First of all, Bmyguest's answer shows a pattern: every prime dot number except ●● has an odd number of filled dots. This is because any dot number with an even number of filled dots is divisible by ●●. If our shot hits a ●, then the dot number will become divisible by ●●. Therefore, we should assume that our shot will hit a ○. (As it turns out, the following strategy works even if we hit ● and don't consider divisibility by ●●.)

Let the original dot number be $P$. The ○ we hit divides $P$ into two parts. Let $A$ be the part on the left, with a length of $a$, and let $B$ be the part on the right, with a length of $b$, so that $n=a+b+1$.

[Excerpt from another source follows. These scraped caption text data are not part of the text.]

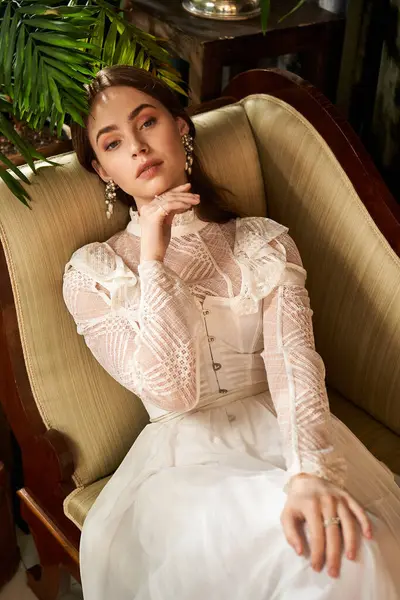 A beautiful young woman in a delicate vintage dress relaxes elegantly on a stylish chair. — Stock Photo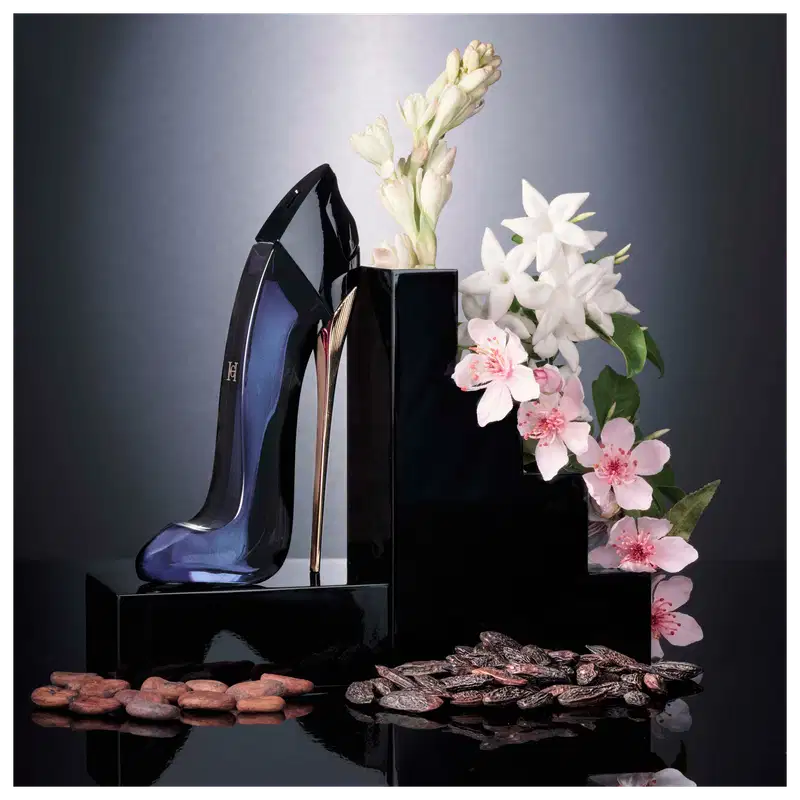 Frasco de perfume Carolina Herrera de design elegante e enigmático, com corpo preto brilhante e detalhes em dourado.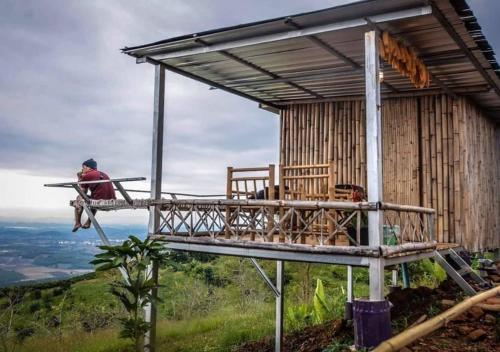 a man sitting on a balcony of a building on a hill at ดอยสะโง้วิวโฮมสเตย์บ้านริมผา in Chiang Saen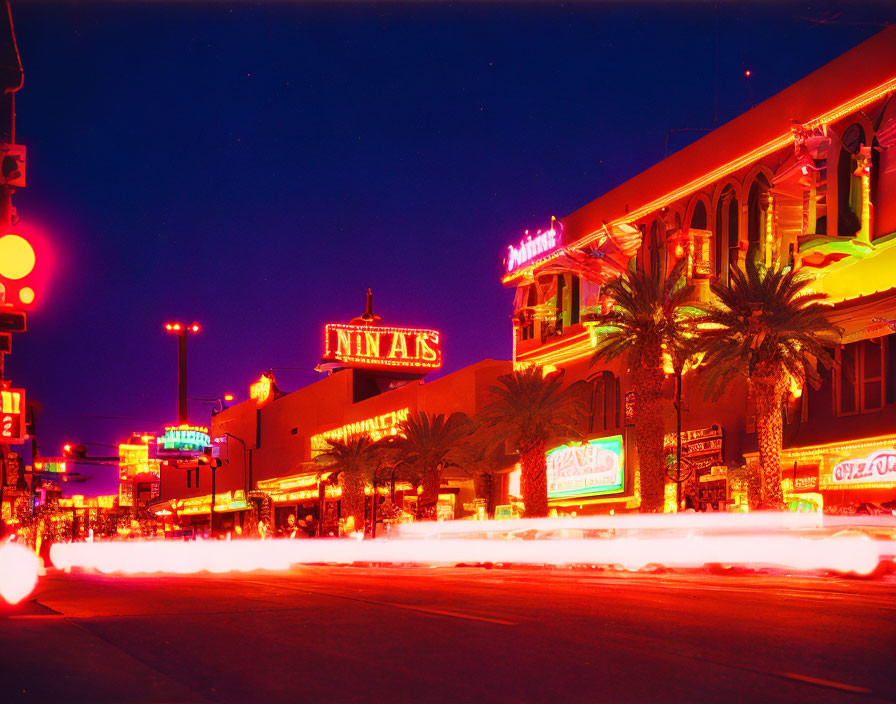 Neon signs, traffic trails, palm trees in vibrant night scene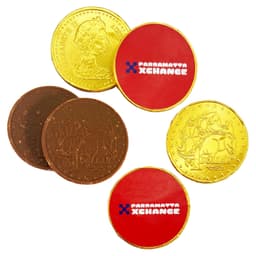 A selection of chocolate coins in gold and brown, featuring round shapes with a branded logo on one side.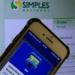 Smartphone com app MEI aberto na tela sobre monitor exibindo Portal do Simples Nacional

Each dot number is equivalent to a polynomial in $\mathbb{Z}_2[x]$, and a dot number divides another if and only if their corresponding polynomials do. We have $P(x)=A(x)x^{b+1}+B(x)$ and we need to find some $i\in\mathbb{Z}^+$ such that $A(x)x^{b+1+i}+B(x)$ is composite.

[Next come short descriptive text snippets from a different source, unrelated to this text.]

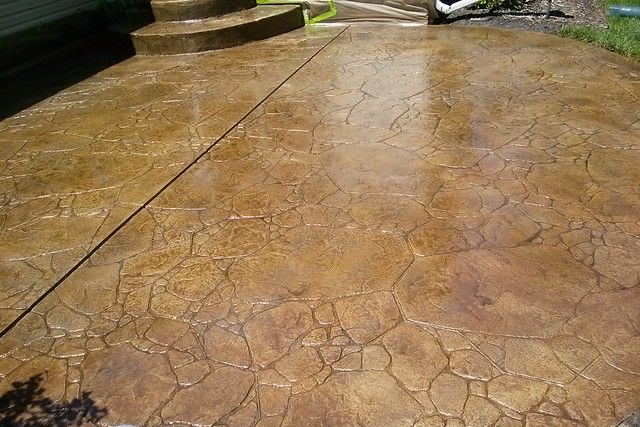 A stamped concrete patio with steps and steps.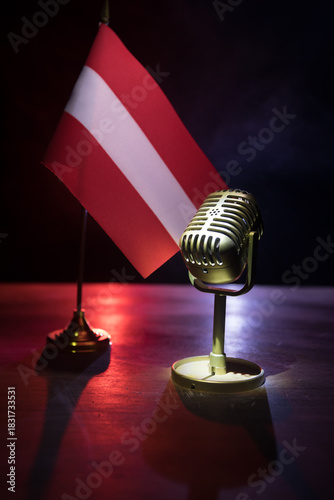 Microphone on a background of a blurry flag of Austria close-up. dark table decoration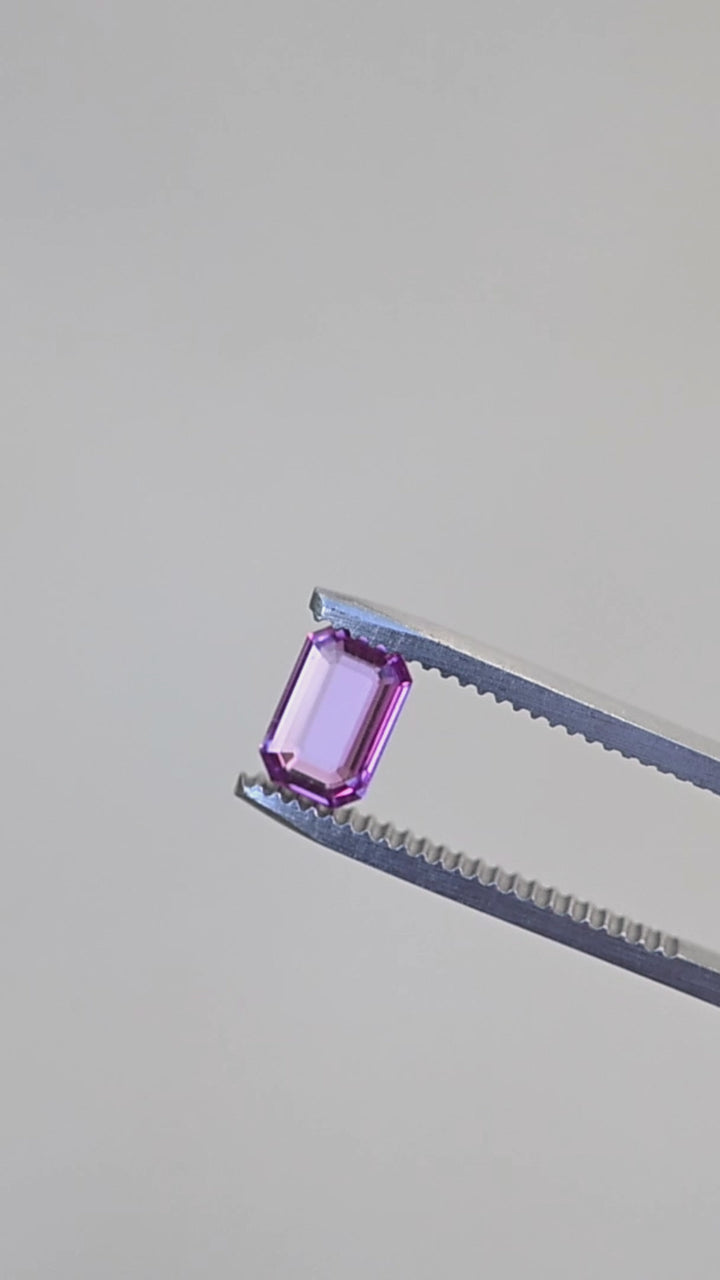 Hot pink portrait cut sapphire rotating in gem tweezers under natural light.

$P(x)$ has degree $n-1$, so there are $2^{n-1}$ residue classes mod $P(x)$. Because $P(x)$ is irreducible, the order of $x$ mod $P(x)$ is a factor of $2^{n-1}-1$, so $P(x)$ divides $x^{2^{n-1}-1}-1$. Then, $A(x)x^{b+2^{n-1}}+B(x)\\=(A(x)x^{b+2^{n-1}}+B(x))-(A(x)x^{b+1}+B(x))+(A(x)x^{b+1}+B(x))\\=A(x)x^{b+1}(x^{2^{n-1}-1}-1)+P(x)$

Therefore, $P(x)$ divides $A(x)x^{b+2^{n-1}}+B(x)$, and we can take $i=2^{n-1}-1$. Translating back to dot numbers, if we fire a shot at $(2^{n-1}-1)\times100\%$ power, we are guaranteed to get a composite dot number (either divisible by ●● or by $P$).


This is probably extreme overkill: a brute force search shows that 200% is good enough for $n=7$, where this strategy would require a shot at 6300%.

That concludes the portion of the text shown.